Der Lyriker und Erzähler Mário de Sá-Carneiro war bis zu seinem Selbstmord 1916 im Alter von 25 Jahren einer der engsten Freunde von Fernando Pessoa und gilt neben diesem mit seinem schmalen Œuvre als der bedeutendste moderne Schriftsteller Portugals. Mit Recht, wie A Confissão de Lúcio beweist, wo auch die Beziehung zu Pessoa aufgearbeitet ist. Wer je den unwiderstehlichen und verführerischen Sog des Eingangskapitels von Zolas Nana verspürt hat, der wird empfänglich sein für die suggestive Kraft von Sá-Carneiros abgründiger Prosa. Als ein kriminalistisch-analytisch angelegtes Vexierspiel um Körper und Geschlechter, Gefühle und Identitäten schreibt der Roman sich in die europäische Moderne. Noch jedem postmodernen Lesetüftler wird er grenzenloses Vergnügen schenken. Spätestens wenn man bemerkt hat, daß der Schluß der Handlung exakt dem Ende von Wildes Dorian Gray nachgebildet ist, wird man sich mit Spannung auf die Suche nach weiteren eingeflickten Versatzstücken machen. Über achtzig Jahre nach seinem Erscheinen sind wir reif für diesen Roman, und es will mir scheinen, man könne sich künftig kaum auf der Höhe literarischer Bildung wähnen, ohne ihn gelesen zu haben.
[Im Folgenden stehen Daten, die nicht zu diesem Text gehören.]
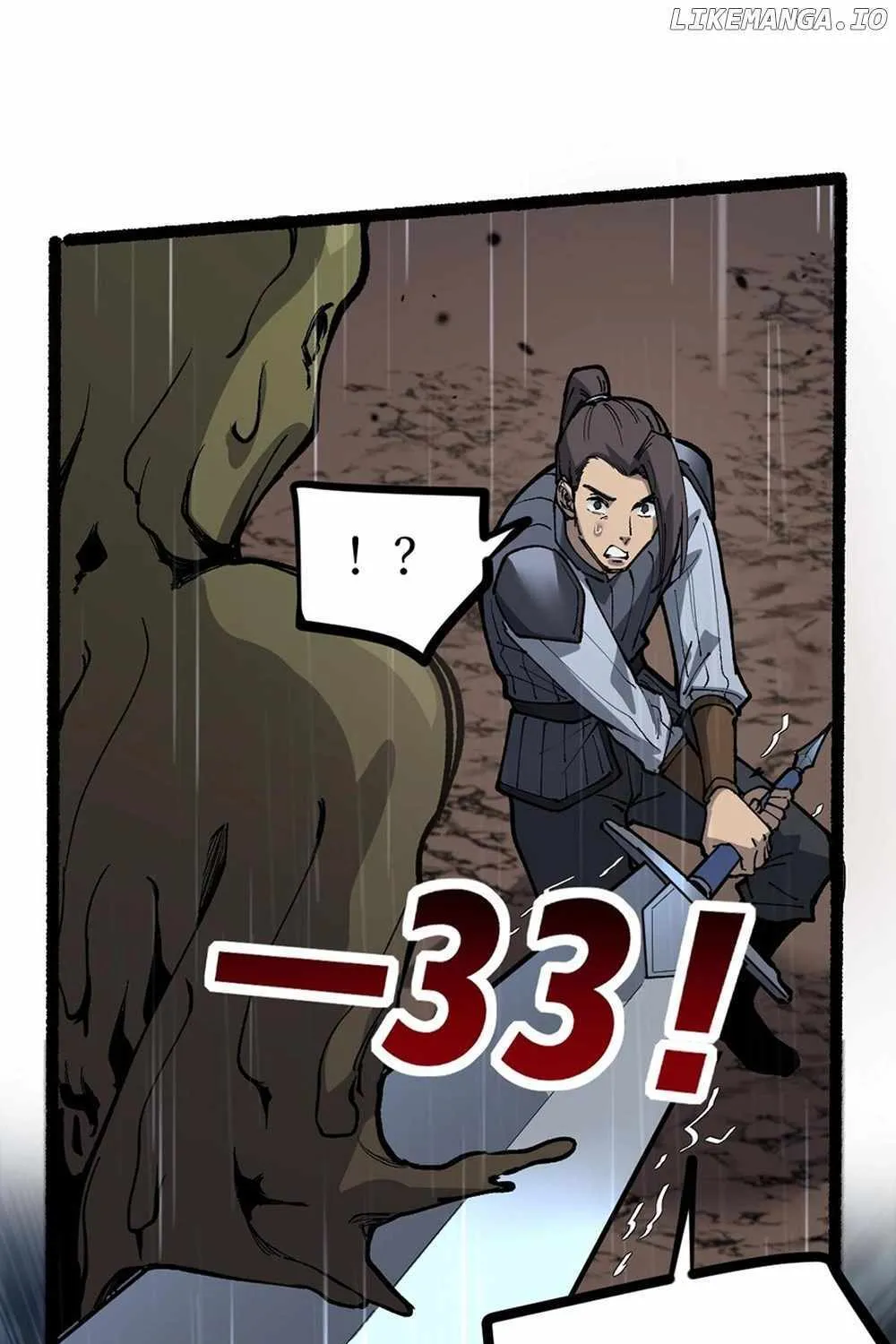 Read God-level Assassin, I’m the Shadow chapter 3 image 46 on Lezhin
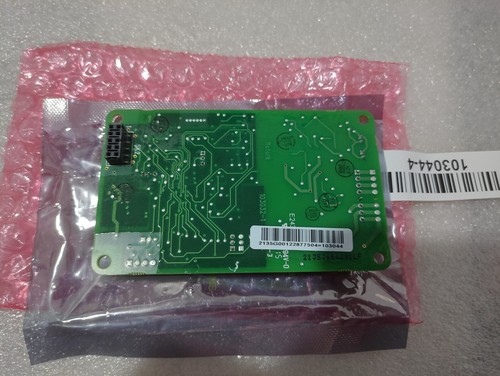 NEW ROTORK IM3 IQ3 ACTUATOR FLOMATIC CARD 2135G00122877504 103044-4 - Picture 3 of 10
Mário de Sá-Carneiro: Lúcios Bekenntnis; a. d. Port. u. mit e. Nachw. vers. von Berthold Zilly; Frankfurt a. M.: Suhrkamp 1997; geb., 136 S.; 19 Mark 80.
Mário de Sá-Carneiro: Lucios Geständnis; aus dem Port. u. mit einem Nachw. von Orlando Grossegesse; München: dtv 1997; kart., 158 S., 12 Mark 90.